Hükümet, yapısal düzenlemeleri geciktirmesi ve darbeci vesayet sistemine son verecek süreci ağırdan alması, statükonun işine geldi. Ergenekonla bağlantılı bir soruşturmayı yürüten Erzurum Özel Yetkili Cumhuriyet Savcısı Osman Şanal bir süre önce Jandarma Genel Komutanlığı tarafından Adalet Bakanlığı’na şikayet edilmişti. HSYK toplantısında Özel Yetkili Savcı Şanal’ın yetkilerinin kaldırılması vesayet sisteminin halen yüksek yargı kurumları tarafından devam ettirildiğini gösterdi. Savcı Şanal’ın yetkilerinin alınması Şemdinli Savcısı Ferhat Sarıkaya’nın ihraç kararı kadar vahim olarak nitelendiriliyor.

HSYK aslında bir yargı kurumu değil, idari bir kurul. Fakat gerek atamalarda gerekse bu tür kritik durumlarda hayati kararlar alarak birçok davanın seyrini değiştirebiliyor. Daha önce Şemdinli İddianamesi’nde bazı gerçekleri gün yüzüne çıkardığı için dönemin komutanlarının tepkisini üzerine çeken Savcı Ferhat Sarıkaya’yı avukatlık dahi yapamayacak şekilde görevden men eden kurulun bu son kararı da Albay Dursun Çiçek İmzalı ‘’Demokrasiye Müdahale Planı Erzincan’da hayata geçirilmeye çalışılıyor” iddiasıyla başlatılan soruşturmaların gidişatına müdahale anlamı taşıyor.

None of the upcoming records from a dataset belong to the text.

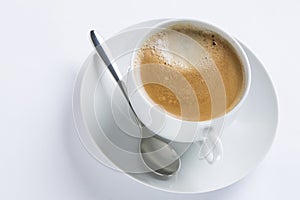 Cup of coffee on a white plate on white background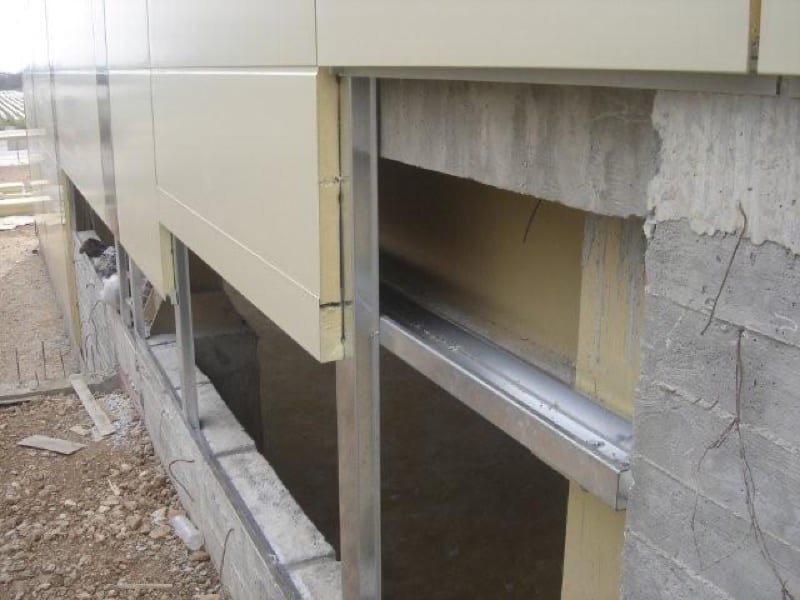 Serbond installation in progress. Covering the concrete for a uniform facade
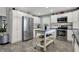 Modern kitchen featuring white cabinetry, stainless steel appliances, and a center island at 2001 Winchester Dr, Indianapolis, IN 46227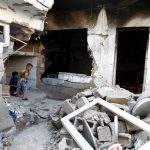 Children play inside a devastated house that was struck by rocket fire from Syria in Turkey's southeastern border town of Kilis on May 10.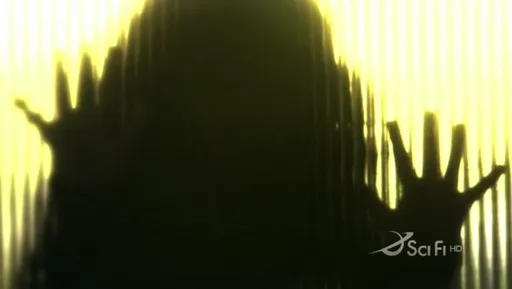 Silueta de unas manos apoyadas contra un fondo amarillo brillante en Battlestar Galactica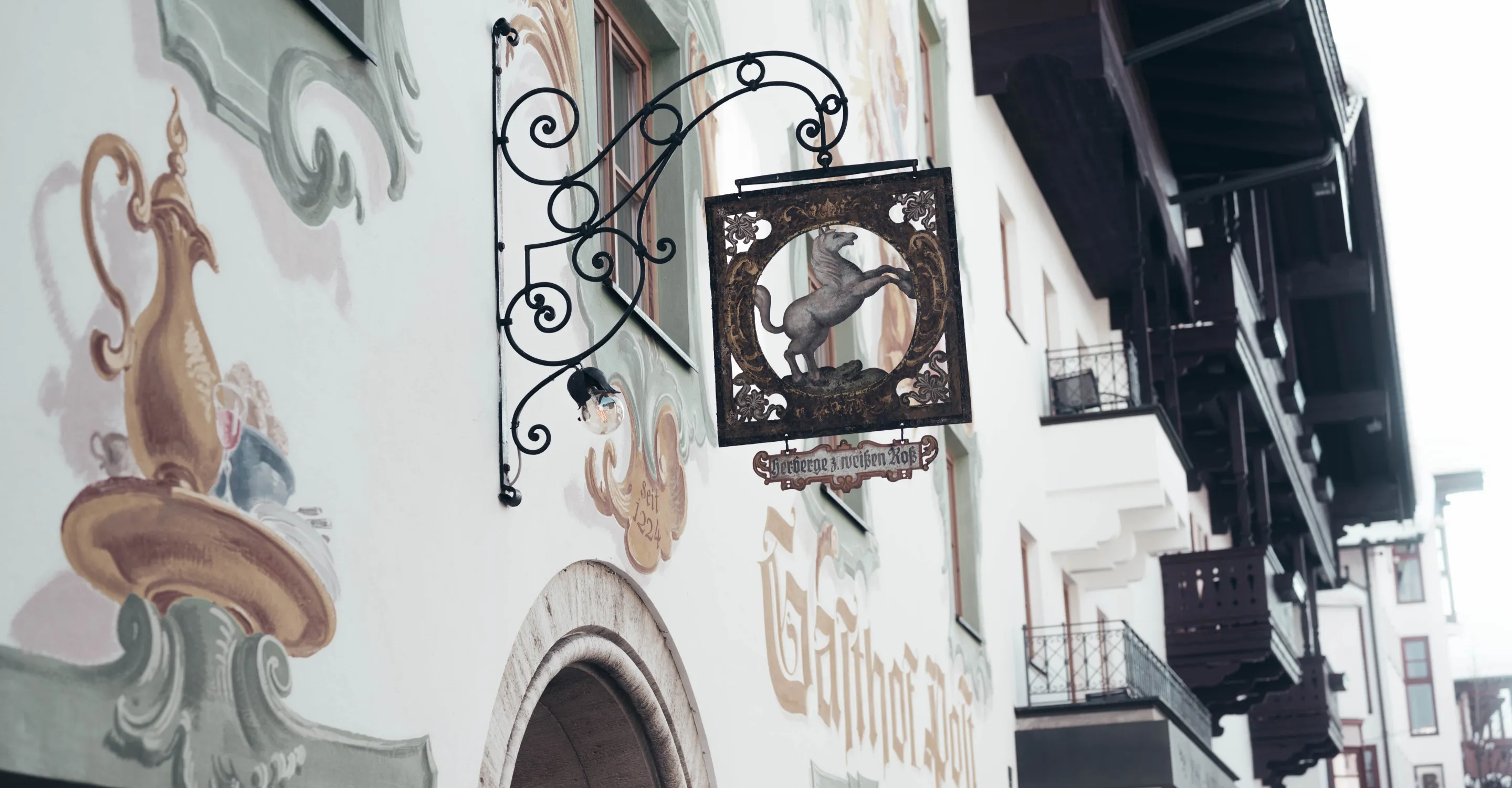 Schmiedeeiserner Schild mit Tiermotiv an einem Gebäude, dekorative Wandmalerei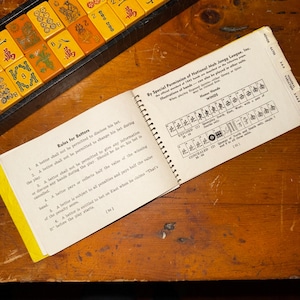 Op de afbeelding: Een open Mahjong-regelboek ligt op een houten tafel naast een bakje met tegels. Het boek toont tekst en diagrammen die handen en gokregels illustreren. De tegels zijn geel en oranje.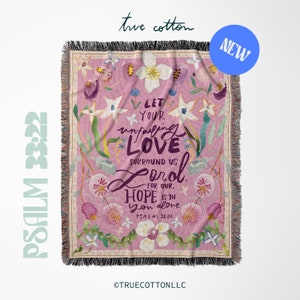 May include: A pink woven throw blanket with a floral design and the text "Let your unfailing love surround us Lord, for our hope is in you alone. Psalm 33:22."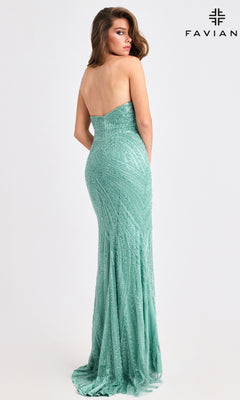 A woman faces away in the Faviana 11408 long prom dress—a strapless, mint green beaded gown with a fitted mermaid silhouette. The "FAVIAN" logo appears in the top right corner.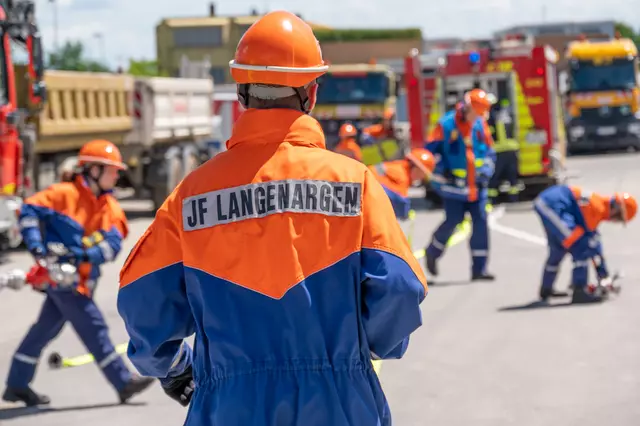 Ein Jugendfeuerwehrmitglied ist von hinten zu sehen. Auf der Jacke ist die Aufschrift JF Langenargen zu sehen. Im Hintergrund bereiten mehrere Jugendliche den Löschangriff vor.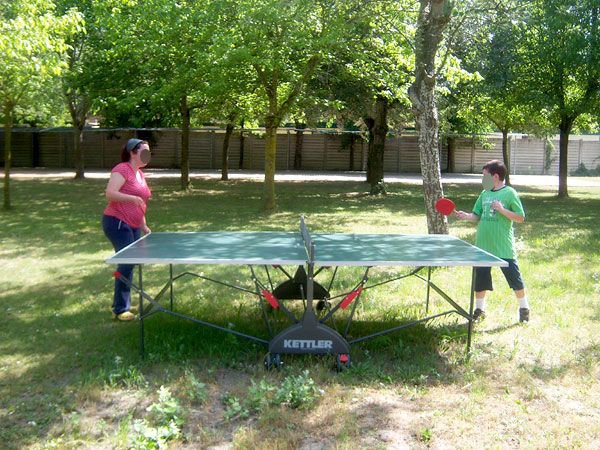 Persone giocano a ping pong all'aperto tra gli alberi.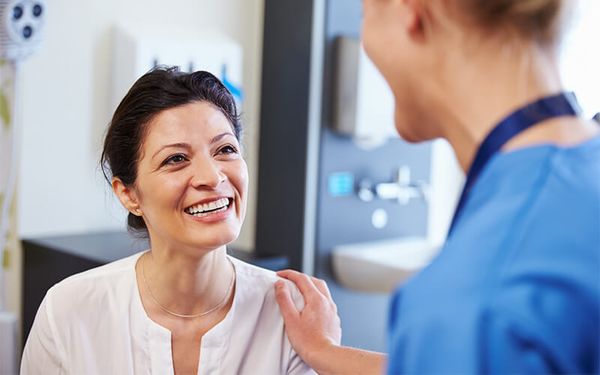 woman talking to nurse about botox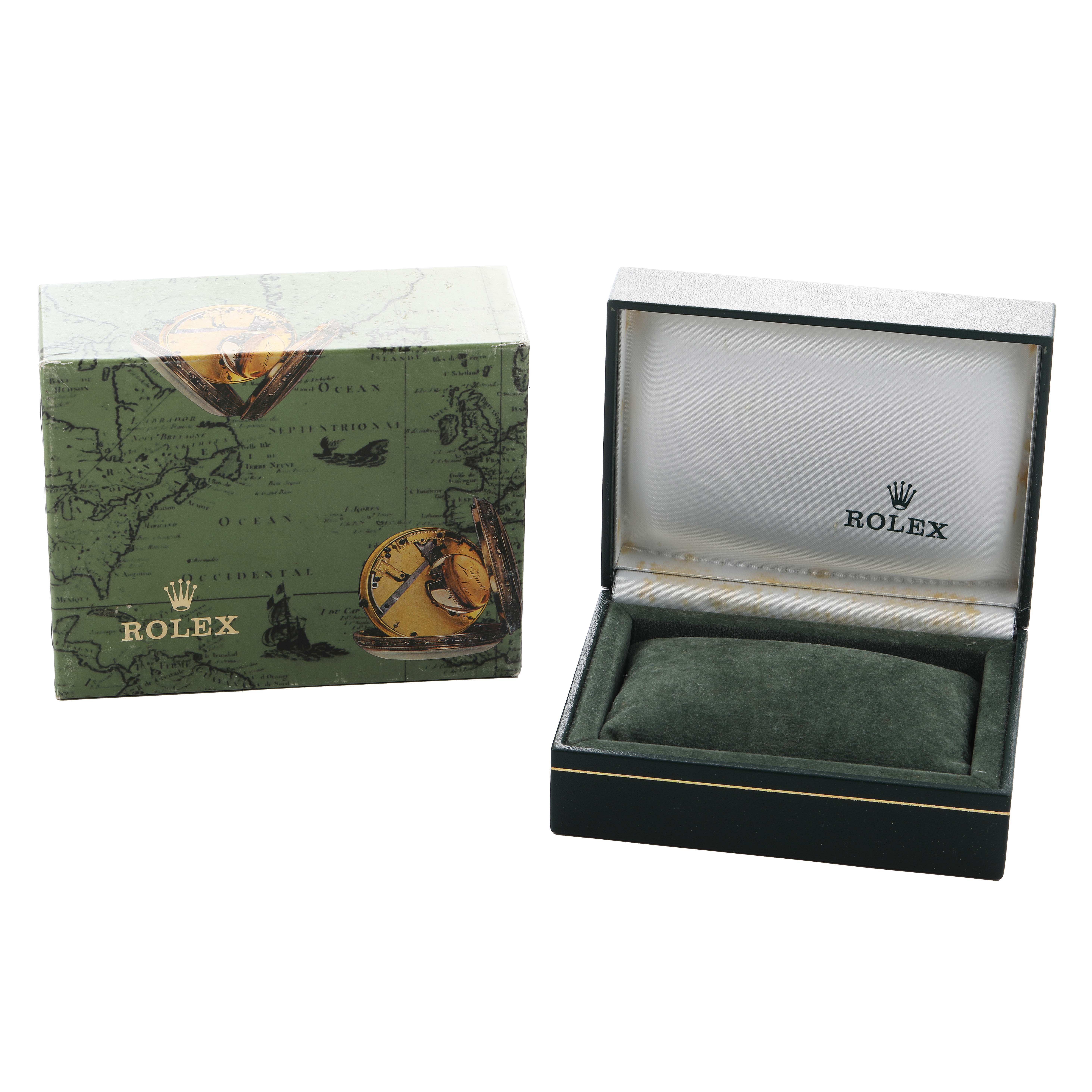 The image shows a Rolex Date 79160 Women's Stainless Steel Pink Dial model watch box and a green cushion inside the open case, angled from the front.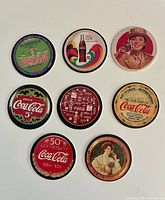 Front view of eight Coca-Cola Coke Cap discs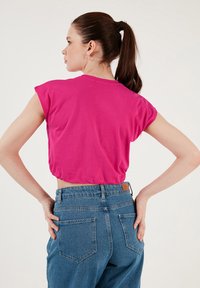 Kort lyserød cropped T-shirt med cap sleeves, let struktureret stof, parret med højtaljede blå denimjeans med et lædermærke bagpå.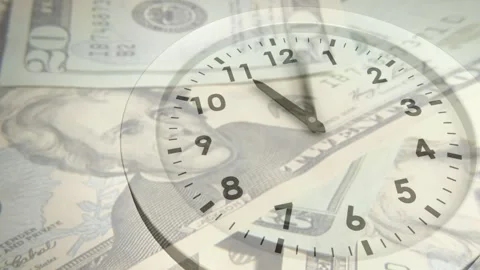 On play, analog clock face moving clockwise over layered US banknotes, showing Stock Footage 329551354
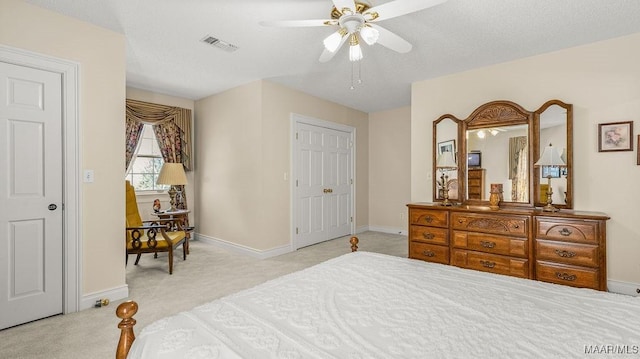 bedroom featuring visible vents, baseboards, carpet, and ceiling fan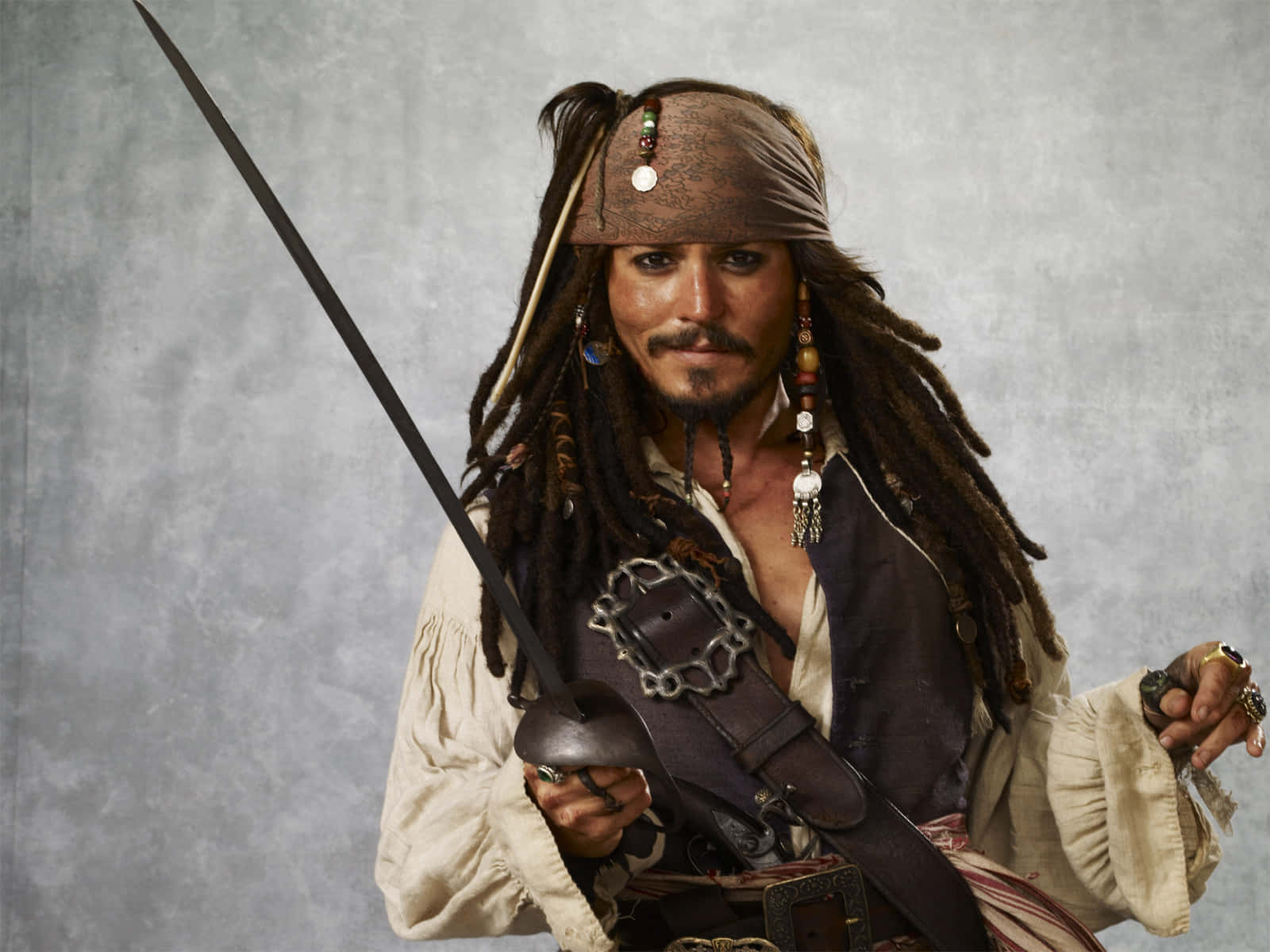 Pirates Of The Caribbean 桌布 壁紙 — 一個留著辮子、戴著頭巾的海盜，在紋理灰色背景前揮舞著劍。
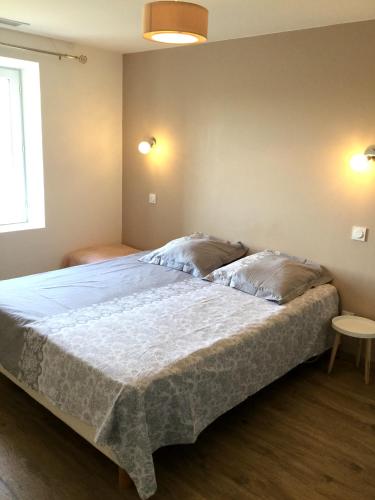 une chambre avec un grand lit avec deux oreillers dans l'établissement gîtes la ferme de marguerite, à Tulette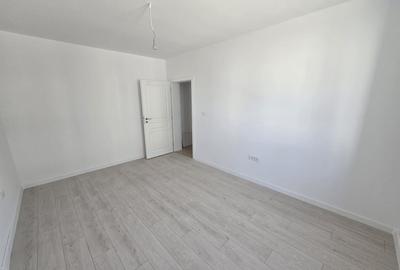 Model spatios - 55 mp. Decomandat. Bucatarie inchisa. - 9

Erzincan’da devam eden Ergenekon soruşturmasımda Jandarma Alay Komutanı Albay Recep Gençoğlu, MİT Şube Müdürü Ş.D. ile iki MİT görevlisinin tutuklanmış, 3. Ordu Komutanı Orgeneral Saldıray Berk de ifadeye çağrılmıştı. Son olarak da  Erzurum Özel Yetkili Cumhuriyet Savcısı Osman Şanal’ın talimatı ve katılımıyla yapılan aramadan sonra Erzincan Cumhuriyet Başsavcısı İlhan Cihaner “Ergenekon terör örgütü üyesi olmak” iddiasıyla göz altına alınmıştı.

Yargıtay Başsavcılığı da harekete geçti!

HSYK’yla birlikte diğer bir hareketlilik de Yargıtay Başsavcılığı’nda yaşanıyor. Başsavcılık, Habur, Erzincan ve Erzurum’daki yargılamaların adli yargı çevrelerini yıprattığı ve yargıya olan güveni sarstığı iddiasıyla adli tahkikatların incelemeye alındığını belirtti.

Üst üste yaşanan bu gelişmeler, statükonun darbeciliği koruma ve kollama adına bir kez daha yargı kurumlarını güçlü şekilde sahaya sürdüğünü gösteriyor. Hukuk sistemine duyulan güvenin hızla azalmasında da bu gerçeğin büyük payı var.